■ YOUR OBJECTIVE ■
Pull out every line below that holds the word "click".

■ DATA ■
*** Begin section ***

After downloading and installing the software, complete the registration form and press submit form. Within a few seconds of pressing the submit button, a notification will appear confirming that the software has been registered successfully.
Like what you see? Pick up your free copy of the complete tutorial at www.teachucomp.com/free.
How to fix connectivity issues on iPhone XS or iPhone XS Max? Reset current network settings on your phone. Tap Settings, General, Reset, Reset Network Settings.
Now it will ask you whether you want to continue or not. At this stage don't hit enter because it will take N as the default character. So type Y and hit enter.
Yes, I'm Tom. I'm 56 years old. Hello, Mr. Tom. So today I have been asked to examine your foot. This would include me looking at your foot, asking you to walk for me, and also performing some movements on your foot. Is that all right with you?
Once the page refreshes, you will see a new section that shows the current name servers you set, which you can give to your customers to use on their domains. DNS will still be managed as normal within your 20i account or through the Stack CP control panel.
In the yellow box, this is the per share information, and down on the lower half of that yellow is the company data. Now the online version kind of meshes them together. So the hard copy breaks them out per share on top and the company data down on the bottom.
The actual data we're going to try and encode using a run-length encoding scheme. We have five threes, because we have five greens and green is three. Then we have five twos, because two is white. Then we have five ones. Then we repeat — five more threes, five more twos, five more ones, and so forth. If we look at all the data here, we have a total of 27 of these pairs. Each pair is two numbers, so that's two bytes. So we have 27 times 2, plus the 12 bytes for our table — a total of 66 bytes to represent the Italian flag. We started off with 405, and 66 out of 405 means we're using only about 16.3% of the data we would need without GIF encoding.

*** End section ***
*** Begin section ***

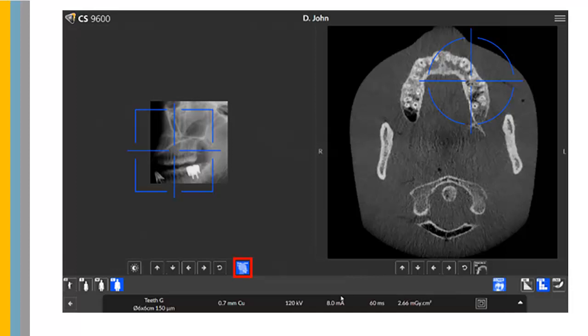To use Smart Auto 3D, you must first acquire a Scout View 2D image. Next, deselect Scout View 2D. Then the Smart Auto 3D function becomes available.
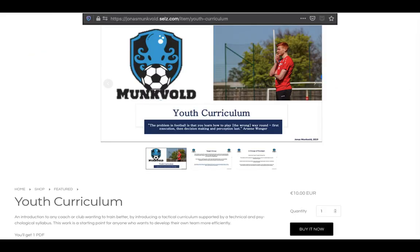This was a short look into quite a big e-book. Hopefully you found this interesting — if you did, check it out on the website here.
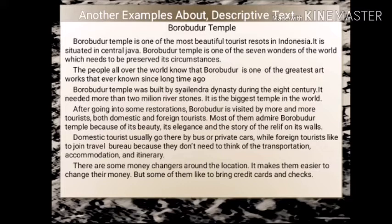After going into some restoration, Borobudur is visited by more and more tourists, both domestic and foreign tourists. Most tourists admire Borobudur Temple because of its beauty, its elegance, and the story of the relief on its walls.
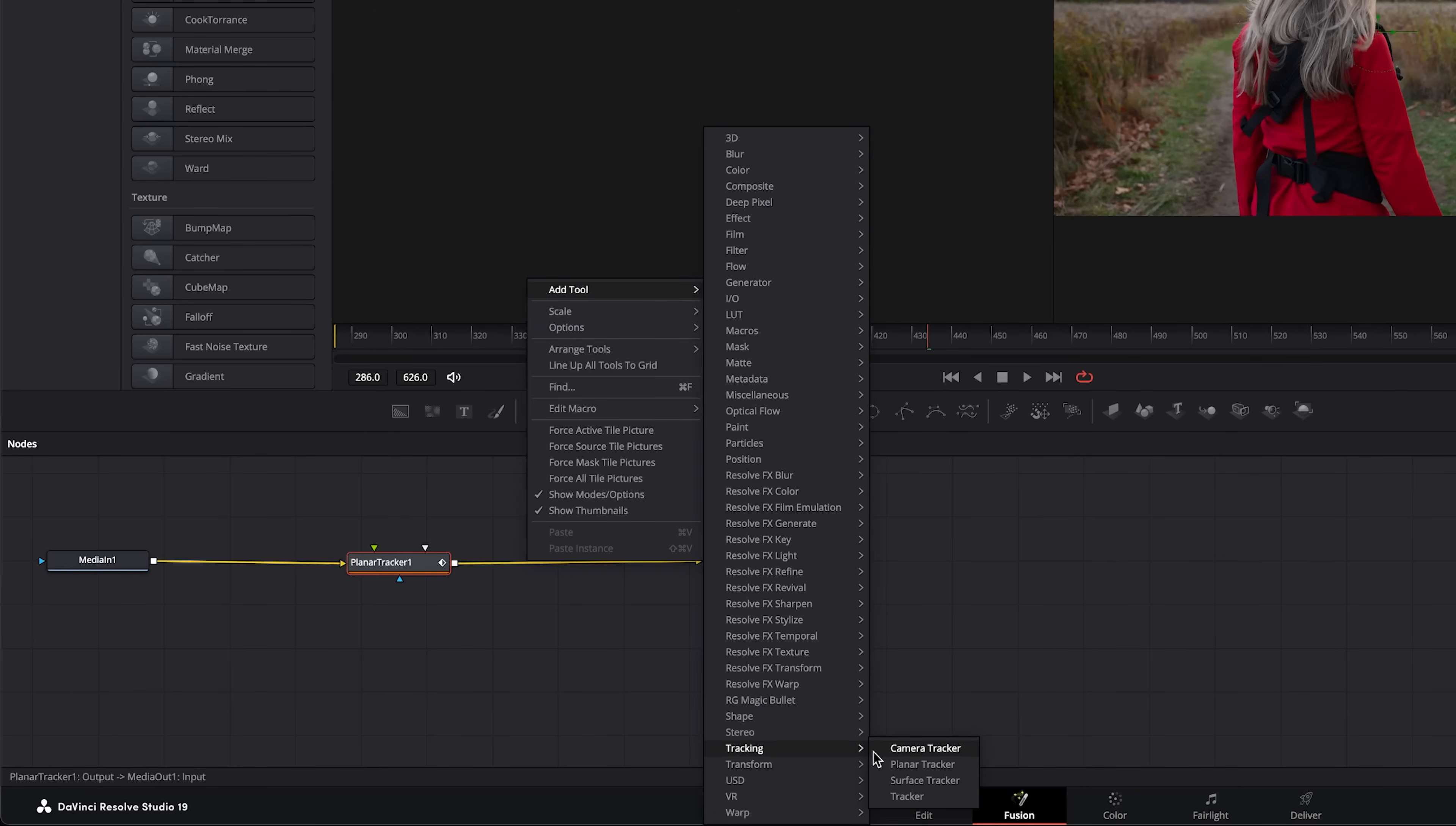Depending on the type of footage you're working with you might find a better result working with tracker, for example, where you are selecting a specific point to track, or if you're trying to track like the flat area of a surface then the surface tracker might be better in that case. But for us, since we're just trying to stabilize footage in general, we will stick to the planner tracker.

*** End section ***
*** Begin section ***

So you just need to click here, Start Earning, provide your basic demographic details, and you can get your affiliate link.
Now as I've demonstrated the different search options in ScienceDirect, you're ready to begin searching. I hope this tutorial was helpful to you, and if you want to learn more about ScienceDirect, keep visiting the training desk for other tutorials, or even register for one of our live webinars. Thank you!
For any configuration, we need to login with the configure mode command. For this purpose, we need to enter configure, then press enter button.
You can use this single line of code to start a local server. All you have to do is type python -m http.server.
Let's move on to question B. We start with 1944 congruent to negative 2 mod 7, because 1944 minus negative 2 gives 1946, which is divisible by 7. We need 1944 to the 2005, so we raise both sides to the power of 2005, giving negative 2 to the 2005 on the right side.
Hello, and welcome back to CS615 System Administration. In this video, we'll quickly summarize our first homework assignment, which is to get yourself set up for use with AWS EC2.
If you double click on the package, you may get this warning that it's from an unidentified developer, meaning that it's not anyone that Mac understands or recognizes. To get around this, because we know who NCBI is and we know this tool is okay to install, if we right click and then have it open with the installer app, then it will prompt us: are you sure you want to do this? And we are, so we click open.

*** End section ***

■ SOLUTION FOR THIS PROBLEM ■
So you just need to click here, Start Earning, provide your basic demographic details, and you can get your affiliate link.
If you double click on the package, you may get this warning that it's from an unidentified developer, meaning that it's not anyone that Mac understands or recognizes. To get around this, because we know who NCBI is and we know this tool is okay to install, if we right click and then have it open with the installer app, then it will prompt us: are you sure you want to do this? And we are, so we click open.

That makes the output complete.